After spending one week in the 2008 Mercedes-Benz C300 4matic, we can honestly say that the Baby Benz is all grown up. An acquaintance strolled up to the car and immediately recognized it as a C-Class.
That was significant because it showed over the years that the car has obtained an identity of its own. It had grown beyond the Mercedes moniker into a C-Class, the entry level nameplate into the lineup.
And the equipment and the styling was further evidence. The car took its design cues from the flagship S-Class. And one look will tell most how the next generation E-Class is going to look. With that said, our test vehicle was 4matic.
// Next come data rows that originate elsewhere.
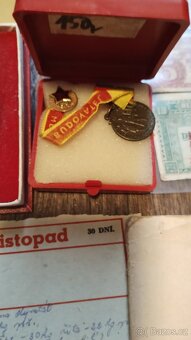 Plaketa, bankovky atd. - 4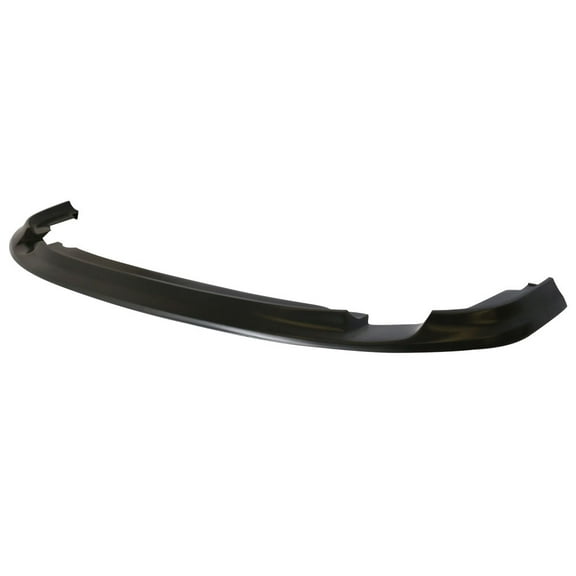 Ikon Motorsports Compatible with 96-98 Honda Civic EK First Molding JDM Flugel Front Bumper Lip PU Polyurethane
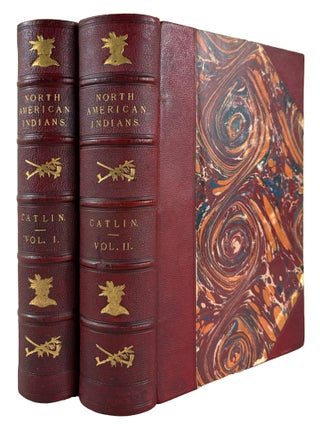 Illustrations of the manners, customs and condition of the North American Indians: with letters and notes written during eight years of travel and adventure among the wildest and most remarkable tribes now existing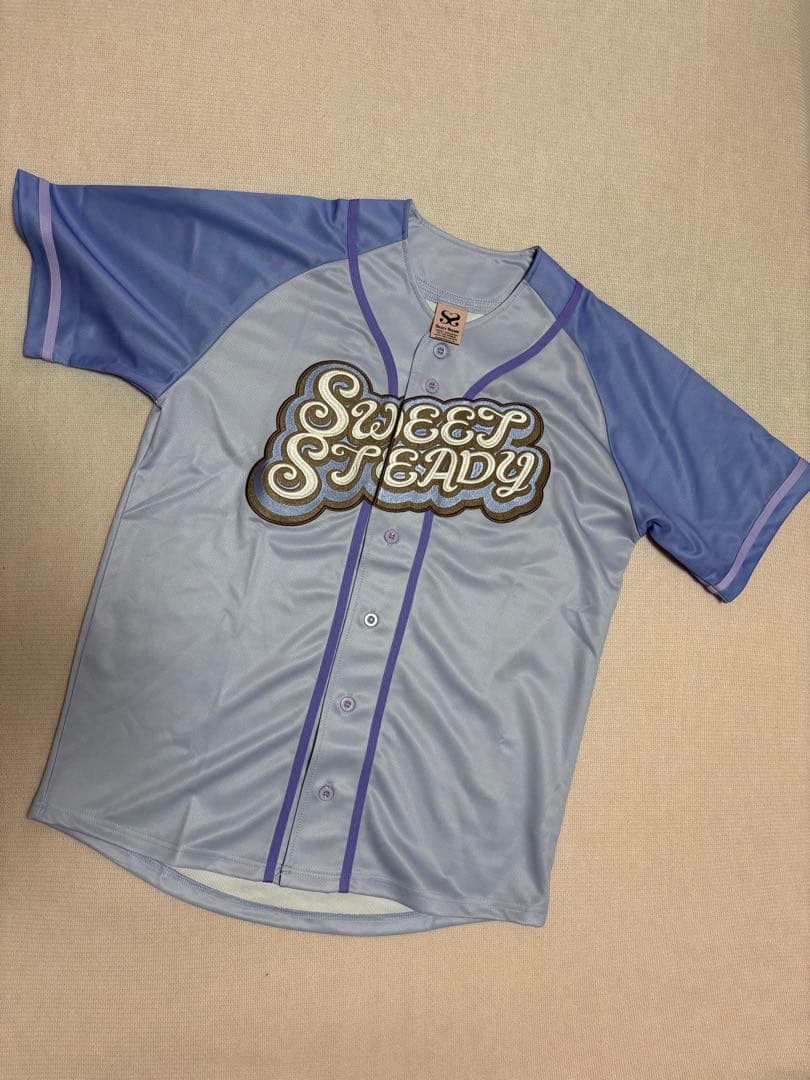 SWEET STEADY 塩川莉世 推しアピユニフォーム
That's Mercedes-speak for it had the automaker's latest generation of permanent all wheel drive systems sending 45 percent of the torque to the front wheels while the rest flowed to the rear wheels.
This Baby Benz had outgrown its four cylinder powerplant, too. It had aV6 engine that made 228 horsepower and a healthy 300 pounds-feet of torque. The engine was mated to a seven-speed automatic transmission that shifted as smoothly as silk is to the touch. Once it was past second gear, the shifts couldn't be felt.
Acceleration was smooth, handling was precise, U-turns were compact, parking was easy and the sight lines were clear, not even the A-pillar obstructed the view. There was acceptable room in the back seat and obviously the front seats weren't bad.
The power front seats had manual lumbar supports and were quite comfortable. For $34,840, the C300 4matic wasn't a bad buy. But options and shipping pushed the total price of our test vehicle to $45,535. That didn't seem like entry level so we paid close attention to what you get for the bucks.
The panorama roof looked great but alas most folks rarely have anyone in the rear seats. Get a regular sunroof which is standard and save the $1,000 cost of a glass roof which very few people are going to enjoy.
The Premium II package featured satellite radio, heated front seats, Bi-Xenon headlamps, heated washers and cornering lights. There were also split folding rear seats, a garage doors opener, auto dimming and power folding mirrors, rains sensing wipers and a power rear window shade.
However, $260 for a luxury sedan package the included the Mercedes star on the hood, alloy wheels, all-seasonal tires and burl walnut trim seemed a bit much. Still, there was the Multimedia Package (320) that included --what else - media. A hard drive based six disc CD changer, a premium surround sound system, voice controls and a PCMCIA slot.
All of these goodies made the C300 seem special; like the compact luxury sedan that it was. However, we did have one compliant. We never figured out how to engage Bluetooth, the technology that converts compatible cell phones into hands free car phones. That's even after opening the owner's manual. That old axiom of keep it simple is true.
Still, the C300 is all grown up. It looks like a Mercedes-Benz, drives like a Mercedes-Benz and best of all it feels like a Mercedes-Benz.